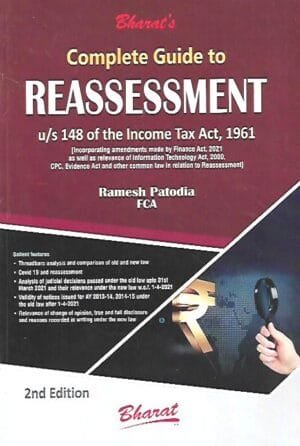 Bharat Complete Guide to Reassessment u/s 148 of the Income Tax Act, 1961 By Ramesh Kumar Patodia Edition September 2021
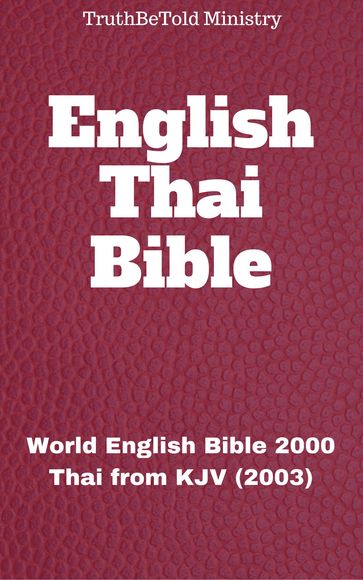 English Thai Bible No2 - Joern Andre Halseth - Philip Pope - Rainbow Missions - Truthbetold Ministry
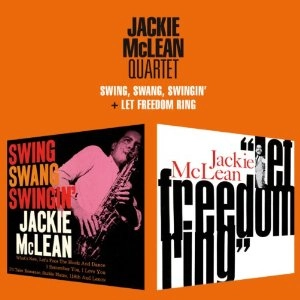 JACKIE MCLEAN / ジャッキー・マクリーン / Swing Swang Swingin' + Let Freedom Ring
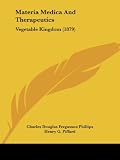 Materia Medica And Therapeutics: Vegetable Kingdom (1879)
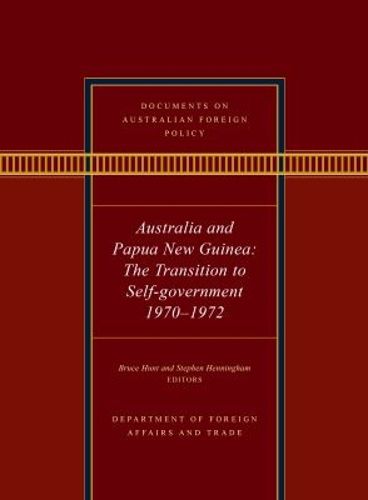 Cover image for Documents on Australian Foreign Policy: Australia and Papua New Guinea, 1970-1972: The transition to self-governance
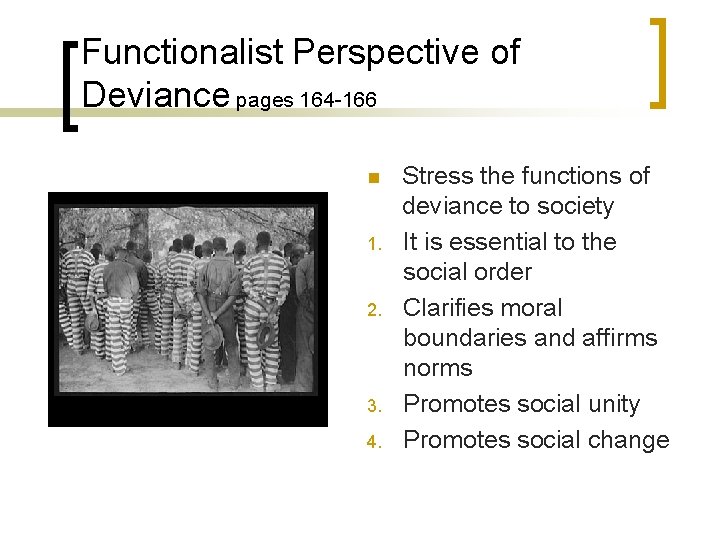 Functionalist Perspective of Deviance pages 164 -166 n 1. 2. 3. 4. Stress the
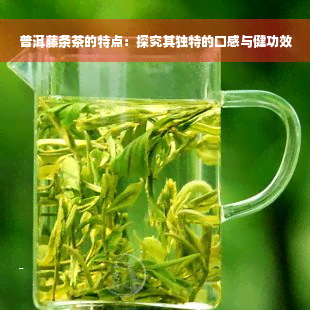 普洱藤条茶的特点：探究其独特的口感与健功效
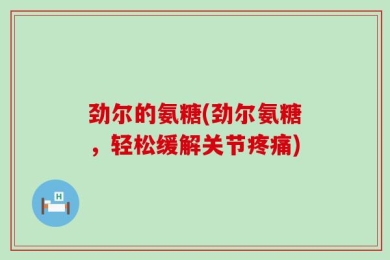 劲尔的氨糖(劲尔氨糖，轻松缓解关节疼痛)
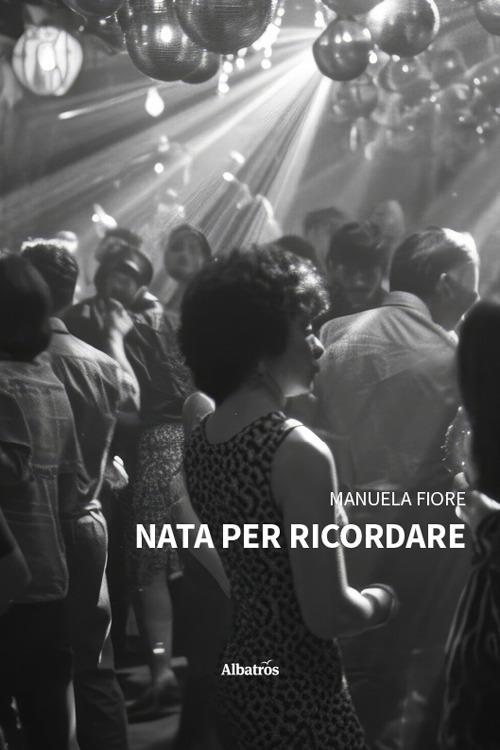 Nata per ricordare - Manuela Fiore - copertina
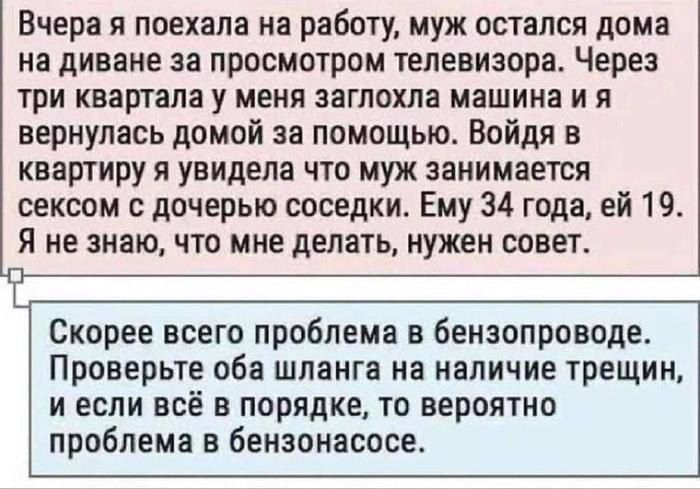 Вчера я поехала на работу муж остался дома на диване за просмотром телевизора Через три квартала у меня заглохла машина и я вернулась домой не помощью Войдя в квартиру я увидела что муж занимается сексом с дочерью соседки Ему 34 года ей 19 Я не знаю что мне делать нужен совет Скорее всего проблема в бензопроводе Проверьте оба шланга на наличие трещин И ЕСЛИ ВСЁ В порядке ТО ВЕРОЯТНО проблема в бен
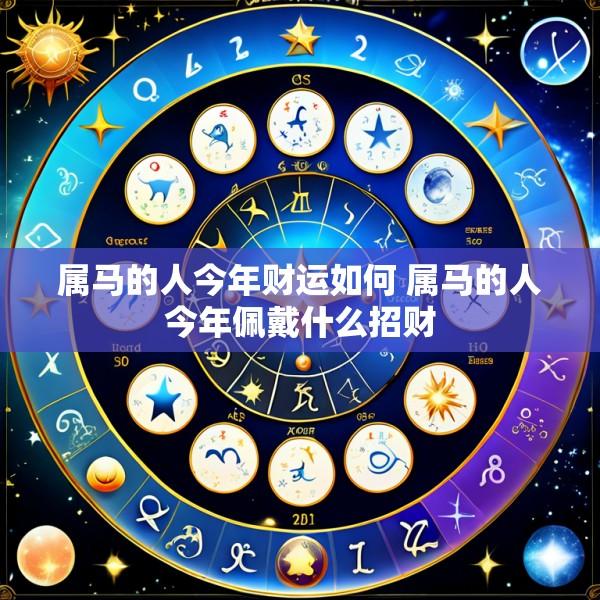 属马的人今年财运如何 属马的人今年佩戴什么招财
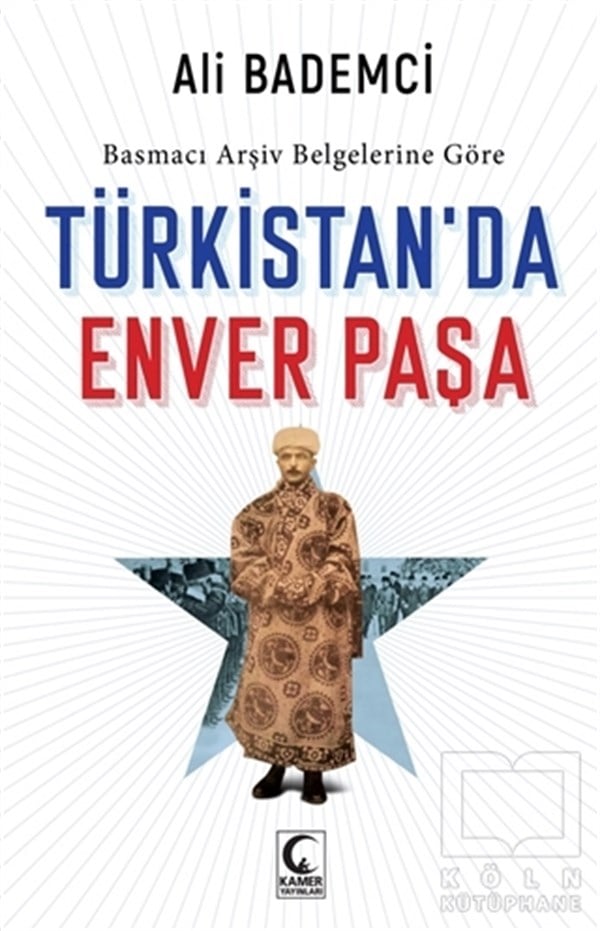 Ali BademciAraştırma - İncelemeBasmacı Arşiv Belgelerine Göre - Türkistan’da Enver Paşa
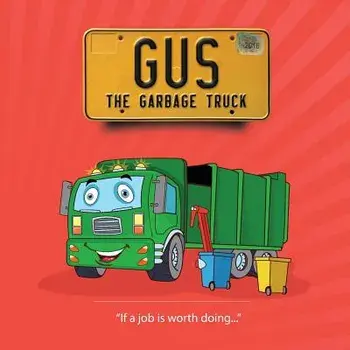 Gus the Garbage Truck, Paperback/Richard Janes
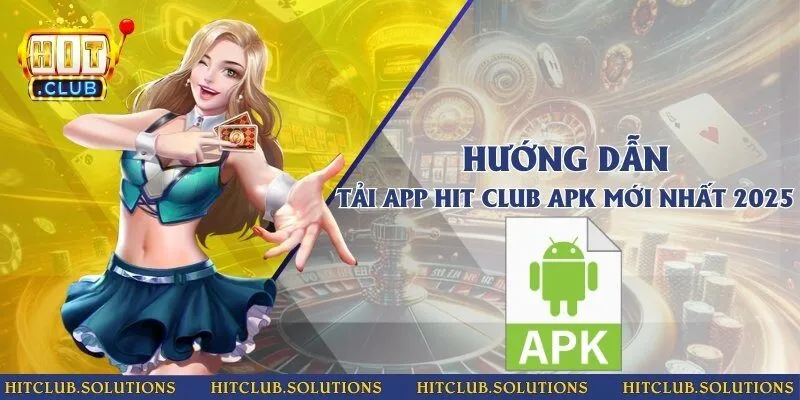 Hướng dẫn tải app Hit Club APK mới nhất 2025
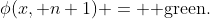 \phi(x, n+1) = \text{ green.}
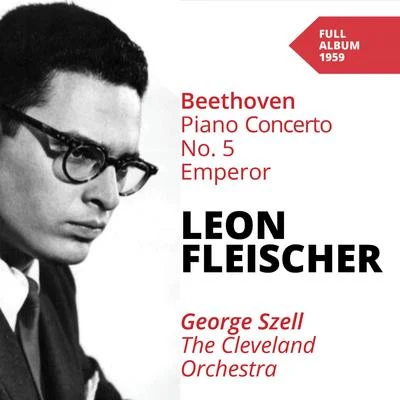 Beethoven: Piano Concertos No. 5 专辑 Leon Fleisher/George Szell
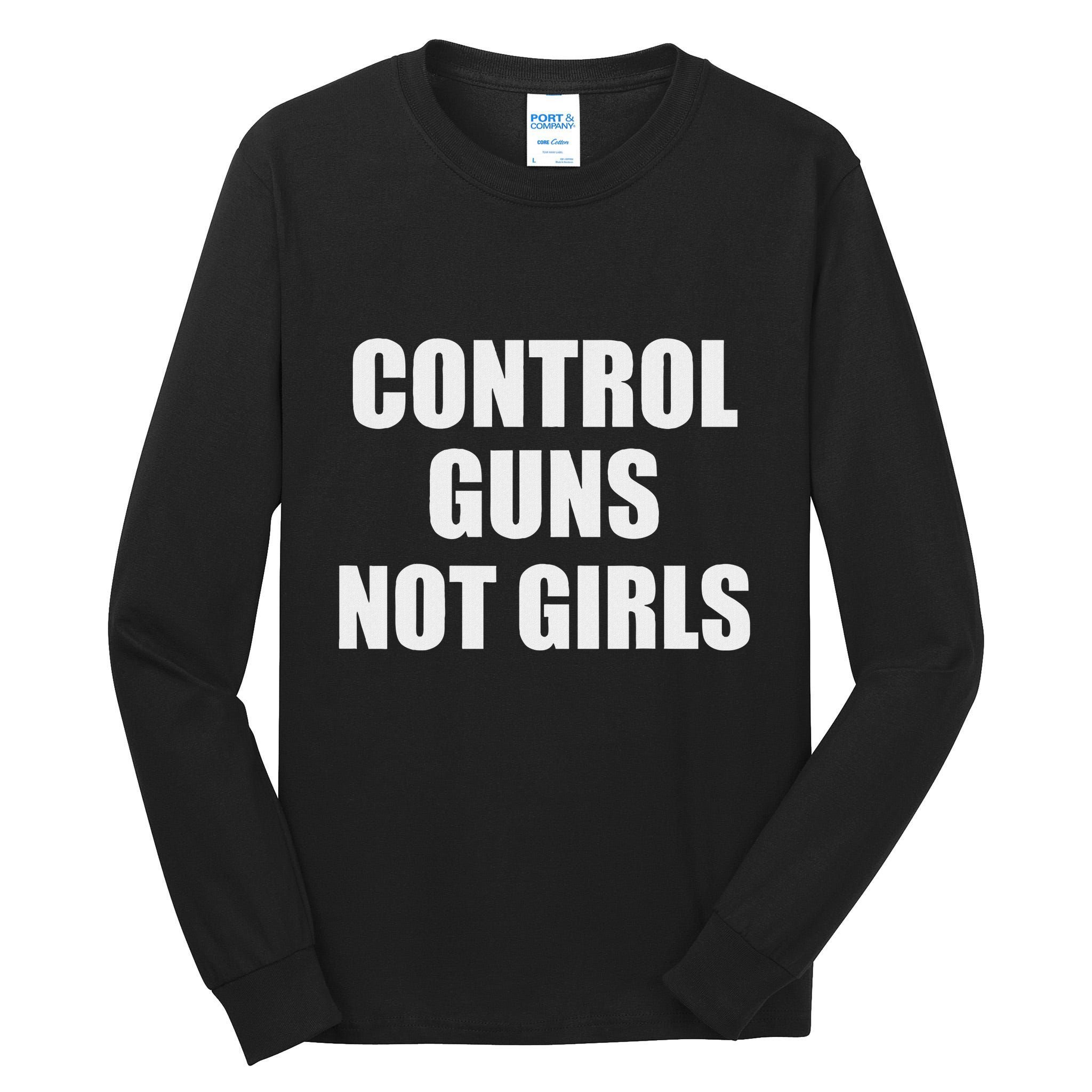 Control Guns Not Girl Bold Activist Design Tall Long Sleeve T-Shirt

####################

All that should appear in the answer is the lines above from the line with "Materia Medica And" through the line with "Nata per ricordare", retyped exactly, pictures left out.

 Materia Medica And Therapeutics: Vegetable Kingdom (1879)
 Cover image for Documents on Australian Foreign Policy: Australia and Papua New Guinea, 1970-1972: The transition to self-governance
 Functionalist Perspective of Deviance pages 164 -166 n 1. 2. 3. 4. Stress the
 普洱藤条茶的特点：探究其独特的口感与健功效
 劲尔的氨糖(劲尔氨糖，轻松缓解关节疼痛)
 Nata per ricordare - Manuela Fiore - copertina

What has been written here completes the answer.